Question

A boy throws a ball up into the air with a speed of 8.2 m/s. The ball has a mass of 0.3 kg. How much gravitational potential energy will the ball have at the top of its flight? (Assume there is no air resistance

Answer 1

10.1 J

Hope this helped!

Step-by-step explanation:

Answer 2

We can use the law of conservation of energy to solve the problem.

The total mechanical energy of the system at any moment of the motion is:

`E=U+K = mgh + (1)/(2)mv^2`
where U is the potential energy and K the kinetic energy.
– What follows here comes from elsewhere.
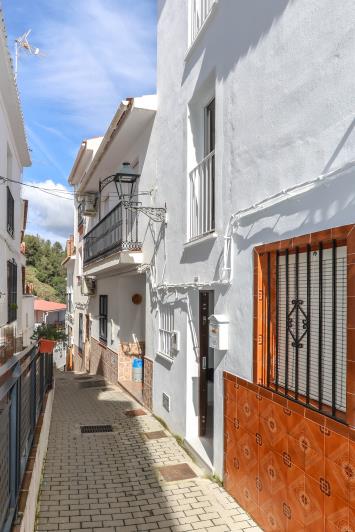 Image No.26-3 Bed Townhouse for sale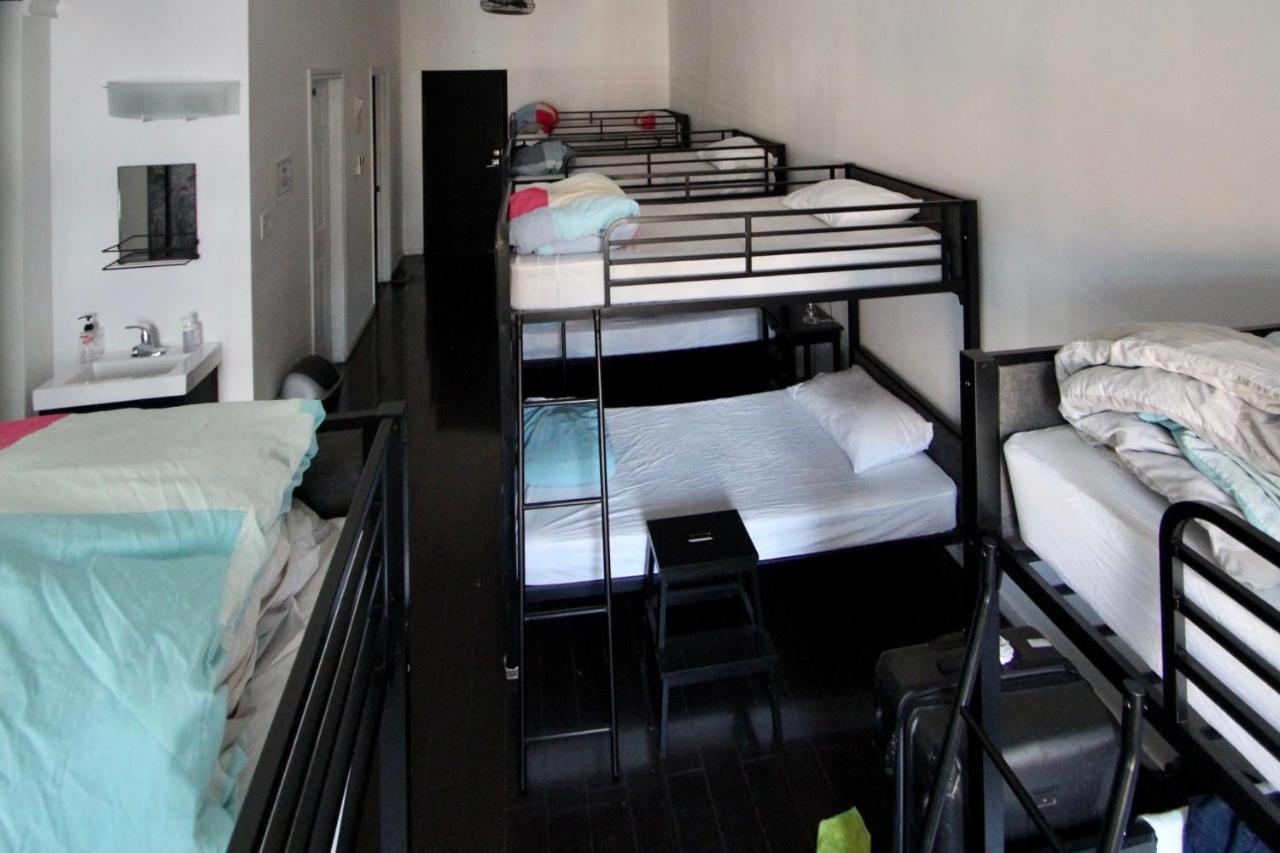The Parkdale Hostellerie Toronto Exterior photo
At the beginning of the motion, the ball starts from the ground so its altitude is h=0 and therefore its potential energy U is zero. So, the mechanical energy is just kinetic energy:

`E_i = K_i = (1)/(2)mv^2 = (1)/(2)(0.3 kg)(8.2 m/s)^2=10.09 J`

When the ball reaches the maximum altitude of its flight, it starts to go down again, so its speed at that moment is zero: v=0. So, its kinetic energy at the top is zero. So the total mechanical energy is just potential energy:

`E_f = U_f`
But the mechanical energy must be conserved, Ef=Ei, so we have

`U_f = K_i`
and so, the potential energy at the top of the flight is

`U_f = K_i = 10.09 J`